The Serpent’s Army is Out

NYAMAThe first of my Valducan Archive Adventures is out.  Set twenty years before Dämoren, The Serpent’s Army follows knights Clay Mercer and Max Schmidt as they hunt a lamia outside of Dallas Texas. I thought it would be fun to show them when they were young, capable hunters, and wanted to try a “buddy cop” sort of feel with it. I’ve touched on lamia in both Dämoren and Hounacier, but never had a good opportunity to really show them off until now. Also… biker gang.

I enjoyed writing Schmidt so much that because of this story he will have a much more active role in Ibenus*.

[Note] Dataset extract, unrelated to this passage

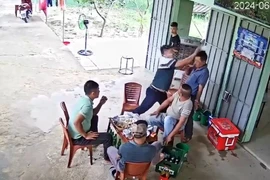 Cán bộ xã dùng cốc đập vào đầu người dân trong quán nhậu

I want to thank Bloodshot Books, and editor Peter Kahle, for including me in their anthology. The Not Your Average Monster Anthology: A Besitary of Horrors is available at Amazon and includes 21 other stories as well. It’s a monster book (haha get it?) at over 350 pages. So once you’re done getting your Valducan fix, you have a lot of great fiction to keep you entertained.

* Ibenus Update:  I hope to finish the first draft in the next month. Currently it’s at over 90,000 words and looks to be the longest of the Valducan series so-far.

Story Acceptance – Hungry Eyes

SNAFU HuntersI’m very happy to announce that my short story Hungry Eyes has been accepted by Cohesion Press for their upcoming SNAFU: Hunters anthology. 

Set in 2009, this will be part of my Valducan Archive Adventures. It follows Malcolm, Colin, and Nick as they explore the Paris catacombs in search of a demon. I had a lot of fun with this one since Colin was one of the characters in Dämoren that I just didn’t have enough time to really expand on. Nick has been referred to several times, but we never got to meet him. So now we’ll get to see why the Valducans remember him so fondly.

In other news, Sea of Quills is set to release next week and I am pumped to see it out there, finally.  In honor of the occasion, I had an interview with the United Federation of Charles where we discuss Black Raven as well as Ibenus.

Also, my long-time friend, and fellow author, Clay Sanger has begun a series of blog posts counting down to Sea of Quills’ release. This first one (Here) goes over Dämoren, as well as some personal anecdotes from back when I was first chatting and bouncing ideas off him about the novel several years before I started writing it. His help back in those early days was instrumental in how Dämoren came out. It’s no accident that Matt’s mentor was also named Clay.

Finally, this coming weekend I’ll be a guest author at FenCon XII.  I’ll be on a couple panels as well as reading Dämoren.  FenCon is a very special place for me because the Writers Workshop there was where I decided to put down my old practice novel and finally write Dämoren (which Clay and I had been talking about for a couple of years at that point).  If you’re in the Dallas-Fort Worth area, come by. My event schedule is Here.

As you can see, everything has been busy. I’ve been writing some guest blogs that should be going live soon in honor of next week’s big release, so I’ll be posting links to those as they come.



Interview at the RoundTable Podcast

RTPThe fine folks over at the RoundTable Podcast interviewed me for their “20 Minutes With…” series.  We discuss pulp fantasy, conflict characters, Dungeons & Dragons, travel, Star Trek, and much more.  I had a lot of fun talking the craft and shooting the breeze with co-hosts Dave Robison and Alasdair Stuart. 

You can check the podcast HERE.  Don’t be fooled by the 20 minutes name. We run for 44 minutes and I could have enjoyed chatting with them for hours longer.